The Mustang GT isn’t really a bad handler; its base suspension is just set on the soft side. It is a perfect pleasure to drive at seven-tenths, with direct steering and reassuring brakes. Ford’s engineers obviously left overhead clearance in the suspension for performance tunes and future models such as the already announced Shelby GT350 and a Boss that is almost certainly coming. That frees up the GT to be just that, a comfy, everyday gran turismo.
Both cars make the right big-bore snorts from their V8s, though the Mustang’s oddly rhythmic puff-puff from its twin tailpipes at idle sounds almost computer-generated. They’re evenly matched to 100km/h, with times in the mid-fours, and to 400m. Separate testing of a six-speed manual Mustang GT proves the automatic suffers nothing in acceleration and would be even quicker if launched on proper tyres. They also burned fuel at similar rates, the Mustang edging the Camaro.

Our Camaro is definitely the most nostalgic. Even with its sharper handling, it’s the most I’ll-be-18-forever car of the pair, recalling hot summer nights on long-gone main streets and some of the nuisances of muscle cars that you didn’t mind or even notice when you were a teenager.
This Mustang, conversely, is from people who figure that if you’ve got that much to spend, they have to persuade you not only against buying a Camaro, but also an Audi A5 or a BMW 428i. In America, at least.
The many-button Mustang wants to play in the international sand box, albeit with a distinctly American girth and attitude. The Camaro has international roots but has gone completely native, as American as guacamole on a pizza. But even America is ready for something a little less old school, and the Mustang is it.
Four for economy

Muscle-car buyers only see a four-potter as half a V8, but Ford figures the potential fuel economy gain (9.4L/100km in federal testing versus 12.4 for the V8) should help it win over up to 40 percent of customers. We’ll see; US fuel prices have dropped significantly since the engine’s debut.

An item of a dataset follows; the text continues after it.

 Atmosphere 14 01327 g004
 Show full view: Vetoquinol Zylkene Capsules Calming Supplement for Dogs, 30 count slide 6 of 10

However, if you come to the ’States and rent a Mustang convertible for the required drive up California’s Highway 1, as many visitors do, you’re most likely to get the entry-level 224kW 3.7-litre V6.
Small-block survival

Current Camaro line-up includes the 298kW L99 on automatic SS and 318kW LS3 for manuals, while Z/28’s 7.0-litre LS7 makes 376kW and ZL1’s supercharged 6.2-litre LSA produces 427kW. In 2016, Camaro gets the Corvette’s new LT1 and its supercharged LT4 variant, which update the small-block with direct injection and cylinder deactivation.
No doubt Chevy is closely watching the sales of the EcoBoost Mustang to see if buyers would swallow a four-cylinder Camaro. Either way, there likely won’t be one at launch.